*Problem statement*: The output should contain the listing word for word and no pictures.

*Data block*:
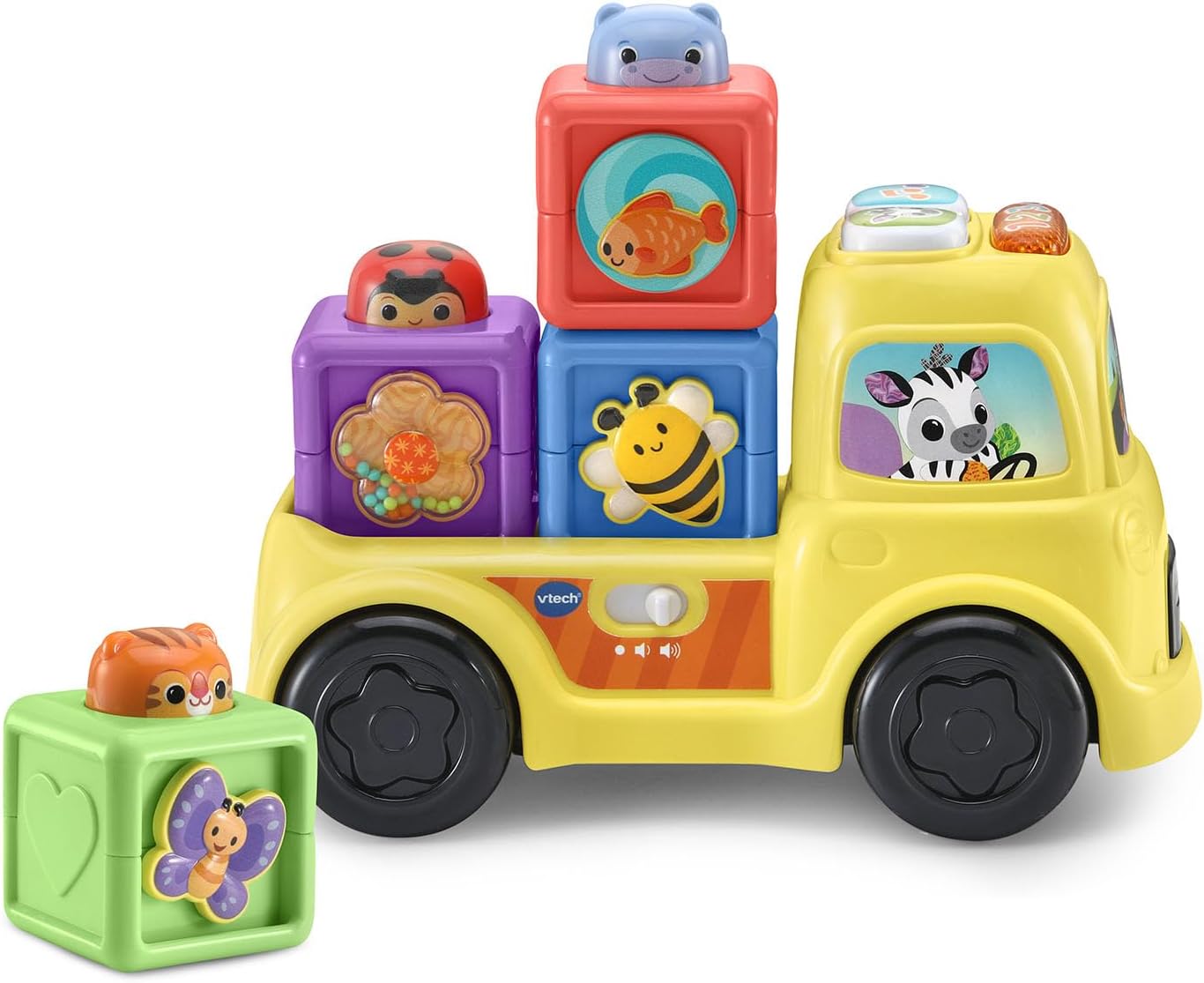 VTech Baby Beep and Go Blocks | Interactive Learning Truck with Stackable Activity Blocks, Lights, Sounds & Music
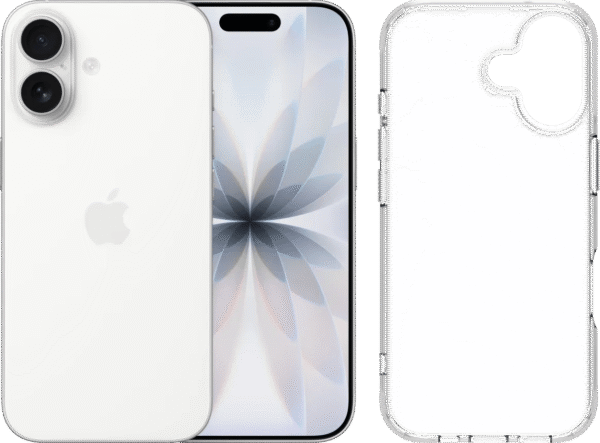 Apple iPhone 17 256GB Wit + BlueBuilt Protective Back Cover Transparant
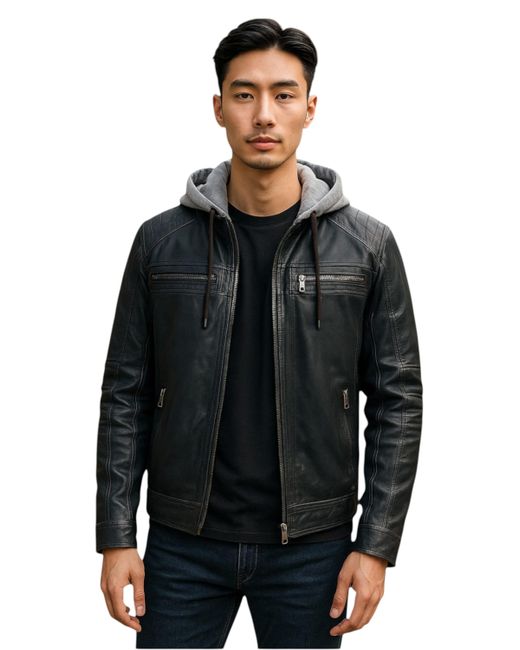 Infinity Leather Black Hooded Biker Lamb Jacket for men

*Answer box*:
 VTech Baby Beep and Go Blocks | Interactive Learning Truck with Stackable Activity Blocks, Lights, Sounds & Music
 Apple iPhone 17 256GB Wit + BlueBuilt Protective Back Cover Transparant
 Infinity Leather Black Hooded Biker Lamb Jacket for men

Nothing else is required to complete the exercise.